Zurich's city administration confirmed this spring that its digitisation office has flagged more than 340,000 duplicate image files across the municipal photo archive, a sprawling collection that grew rapidly after a 2019 scanning drive pushed tens of thousands of analogue prints online. The deduplication process, handled partly through ETH Zurich's Visual Computing Lab in Hönggerberg, is expected to take until at least late 2027 to complete.
The issue matters now because Zurich is mid-way through a broader open-data push. The city's opendata.swiss portal, which publishes municipal datasets for public use, has been expanding its image holdings since 2022. Duplicate records inflate storage costs, degrade search results, and — critically in a city where the Stadtrat approved a digital governance charter in March 2025 — undermine the transparency goals that charter was meant to guarantee. With housing data, infrastructure maps, and construction permits increasingly visualised through image-linked records, a cluttered archive creates downstream errors in planning tools used by offices from Altstetten to Witikon.
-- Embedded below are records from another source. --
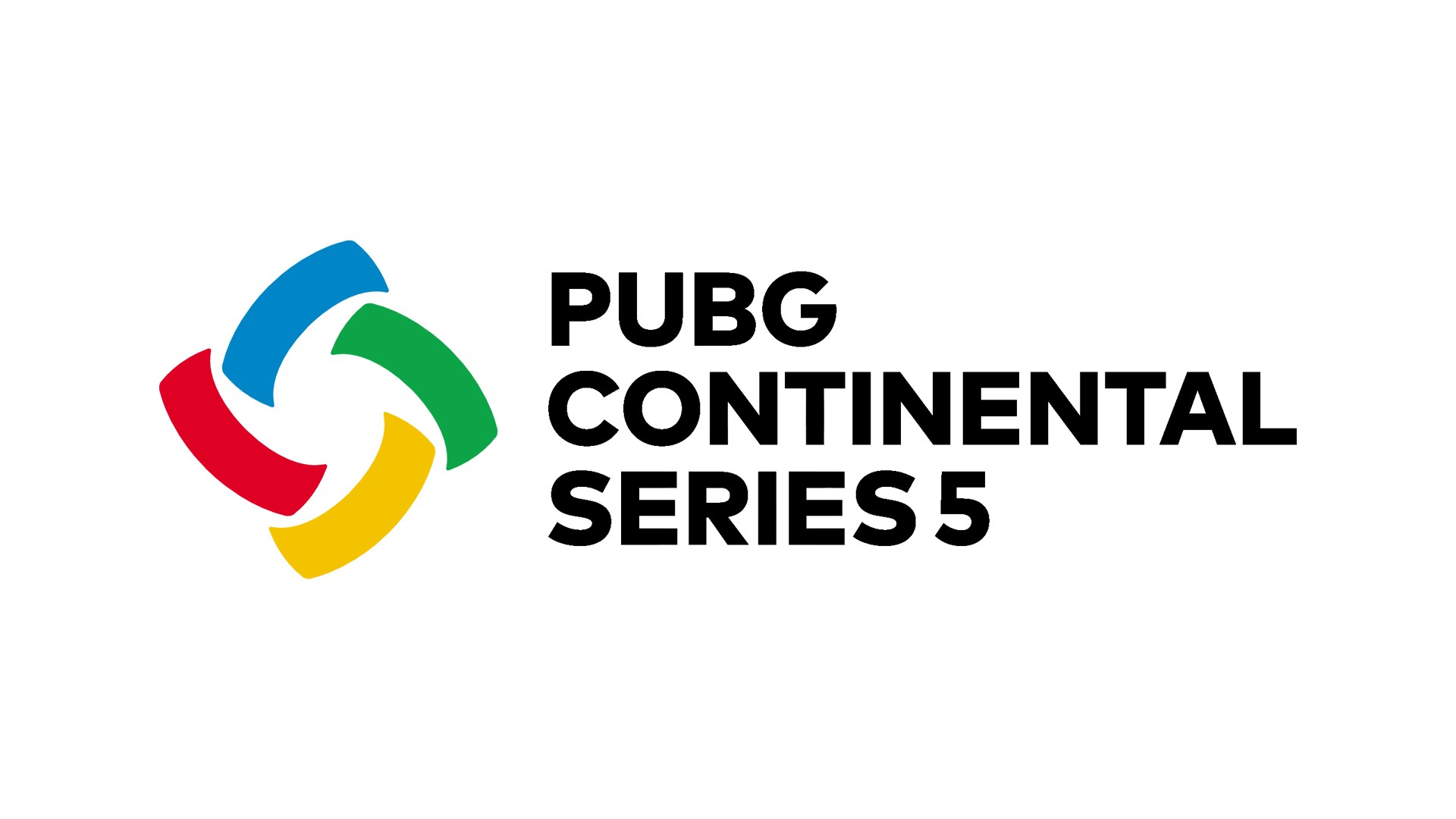 《绝地求生》洲际赛 PCS5 预定 9 月开战 公开赛制相关资讯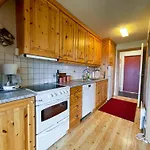 Perfect Retreat For Small Families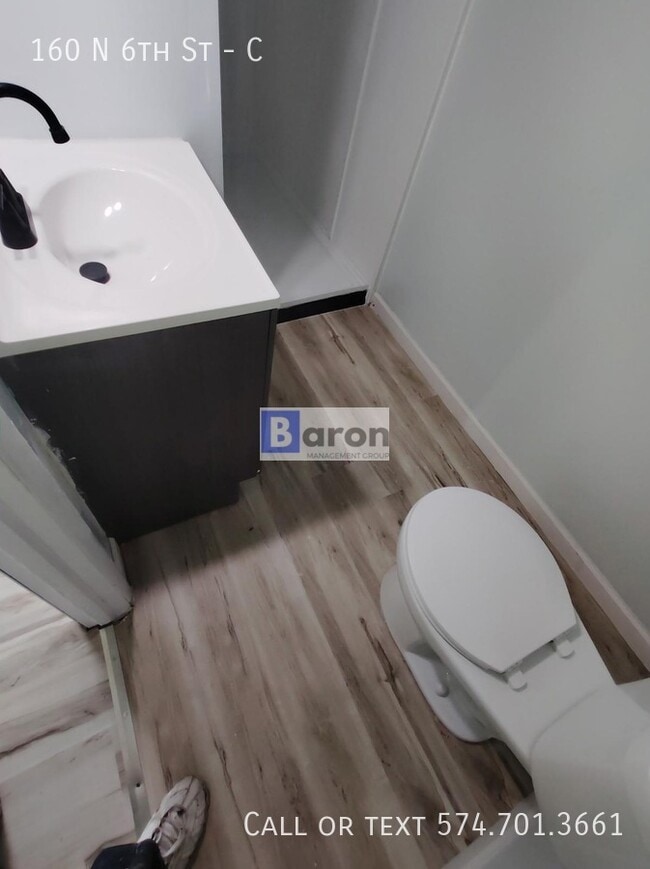 Photo - 160 N 6th St Unit C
What Zurich Is Actually Doing
The Stadtarchiv Zürich on Neumarkt is the operational centre of the cleanup. Staff there are working through a three-phase review: automated hash-matching to catch exact duplicates, perceptual hashing to identify near-identical scans with slight colour or resolution differences, and a manual curatorial layer for images of historical significance. The ETH Visual Computing Lab partnership, formalised in a memorandum signed in January 2026, provides the perceptual-matching algorithm at no direct licensing cost — a meaningful saving given the Stadtarchiv's annual digitisation budget, which city documents put at roughly CHF 1.2 million for 2026.
The programme also feeds into Zürich's responsibilities under the Swiss Federal Act on Archiving, which sets retention and quality standards for public records. Cantons and municipalities that allow large-scale data redundancy risk compliance complications during federal audits, an incentive that the city's IT department, based at the Stadthaus on Stadthausquai, has cited internally as a driver of the timeline.
How Zurich Compares to Peer Cities
Amsterdam's Stadsarchief began a comparable deduplication exercise in 2023, initially focused on its pre-1950 photographic holdings. The Dutch institution has publicly reported removing approximately 180,000 duplicate files from a collection roughly half the size of Zurich's — suggesting a faster per-file clearance rate, though Amsterdam's archive is more homogeneous in format, which simplifies automated matching. Vienna's Wiener Stadt- und Landesarchiv launched a deduplication project in late 2024 tied to that city's Smart City Wien 2025 framework, but the programme is still in its first phase and has not published comparable throughput figures.
Berlin's Landesarchiv, by contrast, has taken a different approach entirely: it has deprioritised deduplication in favour of raw digitisation volume, reasoning that storage costs are falling fast enough to make cleanup less urgent than access. That argument has critics among archival professionals elsewhere in Europe who argue it defers a problem rather than solving it. Zurich's method — parallel digitisation and deduplication — costs more upfront but is designed to avoid the kind of compounding backlog Berlin now faces.
Storage is not trivial even at Swiss prices. Enterprise-grade archival storage in Switzerland runs at roughly CHF 0.03 to CHF 0.05 per gigabyte per month for municipal contracts, according to published procurement frameworks. A collection carrying 340,000 redundant high-resolution image files can represent several terabytes of avoidable monthly cost, an expense that compounds over the multi-year lifecycle of a public archive.
For residents or researchers who use the Stadtarchiv's public reading room on Neumarkt, or who pull images through the opendata.swiss API, the practical improvement should become visible by mid-2027: faster search returns, fewer duplicate hits when querying construction or neighbourhood history records, and cleaner links when the archive feeds into planning visualisations. The city's IT office has said it will publish a progress report each January until the project closes. The next one is due in January 2027.